TRY IT: The result should be the lines from the one holding "Skeleton hand holding" to the final line of the records below, repeated exactly and with no pictures.

Scraped caption text data
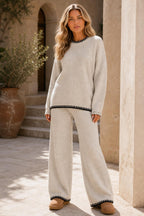 Daisy | Contrast-Trim Knit Trouser Set — lifestyle — Sofia [e3d0a69f-d9ea-43b7-9708-c70ea4cb5909]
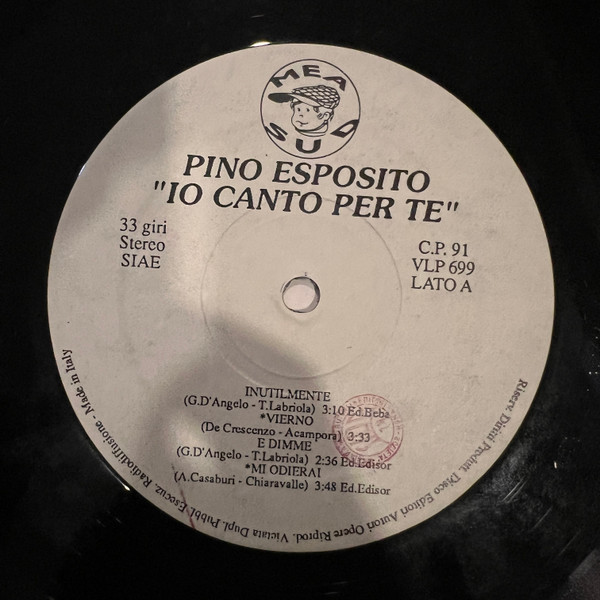 Pino Esposito - Io Canto Per Te | MEA Sound (VLP 699) - 3 Pino Esposito - Io Canto Per Te | MEA Sound (VLP 699) - 3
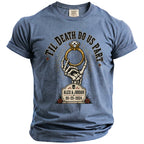 Skeleton hand holding ring with text "Til Death Do Us Part," "Alex & Jordan," and "05-25-2024."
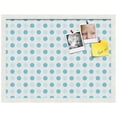 thumbnail image 2 of PinPix 24x18 Custom Cork Bulletin Board Light Blue Polka Dot Poster Board Has a Fabric Style Canvas Finish, Framed in Light Blue Polka Dot, by ArtToFrames (PinPix-344), 2 of 6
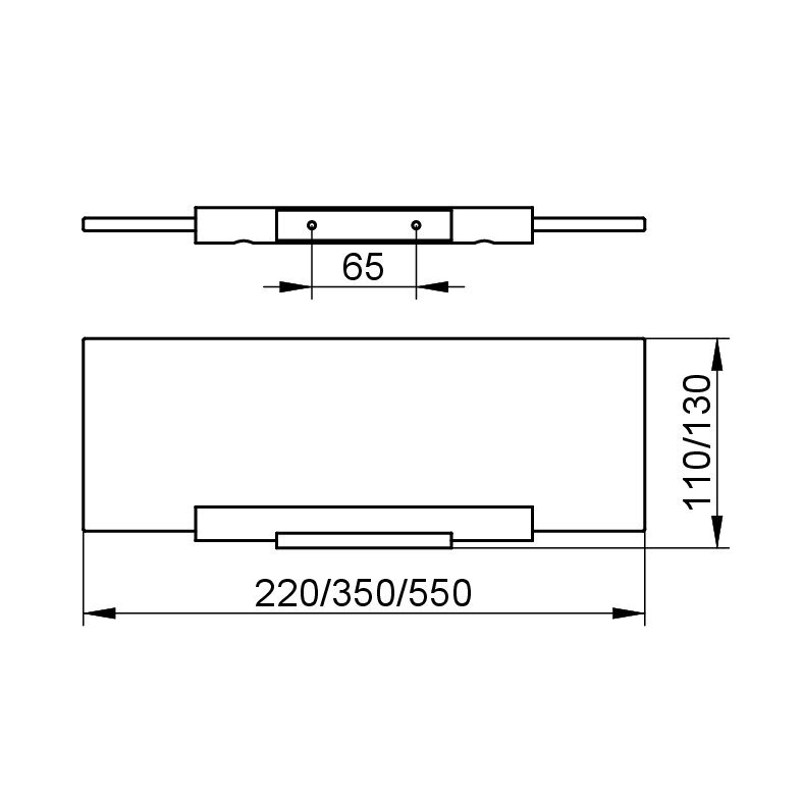 Skleněná deska Keuco Plan, 220 x 100 x 8 mm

RESULT OF THIS EXERCISE:
 Skeleton hand holding ring with text "Til Death Do Us Part," "Alex & Jordan," and "05-25-2024."
 thumbnail image 2 of PinPix 24x18 Custom Cork Bulletin Board Light Blue Polka Dot Poster Board Has a Fabric Style Canvas Finish, Framed in Light Blue Polka Dot, by ArtToFrames (PinPix-344), 2 of 6
 Skleněná deska Keuco Plan, 220 x 100 x 8 mm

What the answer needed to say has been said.